Ma dernière impression de Sienne, le dernier tableau que j’ai voulu revoir, après la Salomé des Servi, c’est au Musée municipal sa Judith. On ne la cite point parmi ses œuvres célèbres. Un poète « à qui l’homme survit » a essayé de rendre l’étrangeté de cette figure et ce qui lui a paru qu’elle voulait dire.
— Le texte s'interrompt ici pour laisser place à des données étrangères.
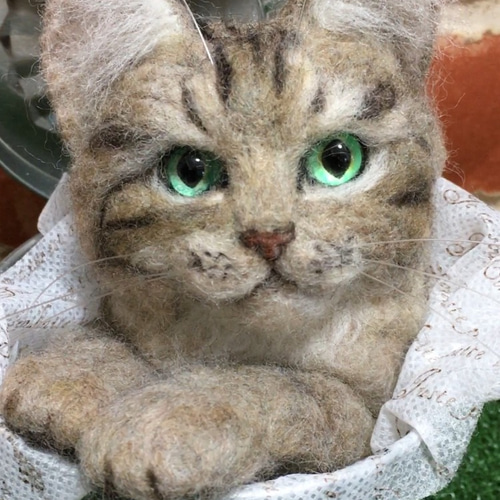 ◇ ぴょこ ニャン ◇バケツ☆*°羊毛フェルト猫 キジトラ☆*。 羊毛 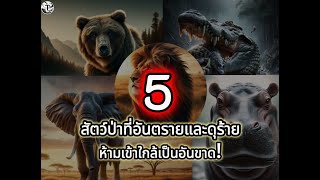 5 สัตว์ป่าที่อันตรายและดุร้าย ห้ามเข้าใกล้เป็นอันขาด!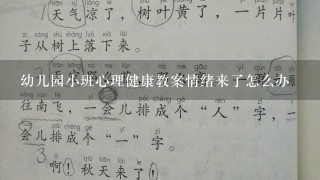 幼儿园小班心理健康教案情绪来了怎么办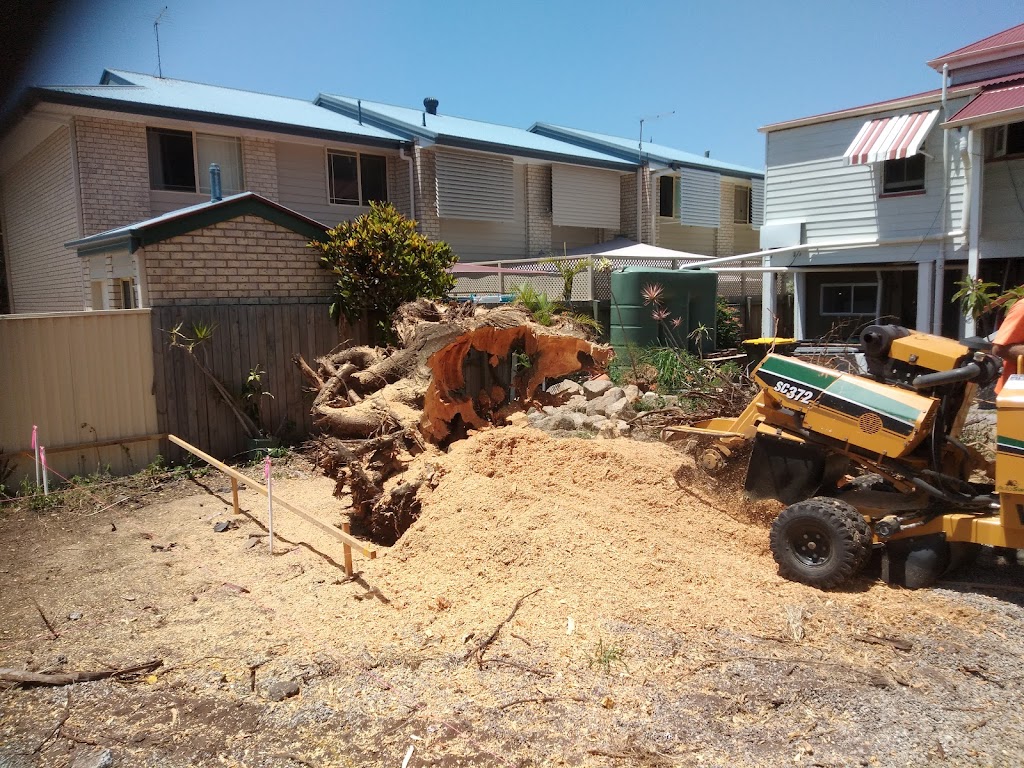 Mr Chomp tree lopping | general contractor | 170 Archer St, Gumdale QLD 4154, Australia | 0408459192 OR +61 408 459 192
On me pardonnera peut-être de recopier ces vers :


Ce n’est point la Judith qui réveille Israël
Dans la ville assiégée et dans la nuit obscure,
Et dont mille flambeaux levés sur sa figure
Font luire les bijoux et le regard cruel.

Elle ne marche point devant une servante
Qui porte dans un sac la tête de l’Impur,
Fière d’avoir laissé sous les tentes d’Assur
L’odeur de ses parfums mêlée à l’épouvante.

Elle est seule : le ciel bleuit sur la cité
Dont l’horizon toscan profile les tourelles.
Le vaste paysage avec ses arbres gréles
Est fin comme ses traits et comme sa beauté.

Elle se tient debout, les pieds nus et très lasse,
Des gouttes de sueur et des perles au cou ;
Et pâle elle s’incline en ployant le genou
Sous la robe opulente et trop lourde à sa grâce.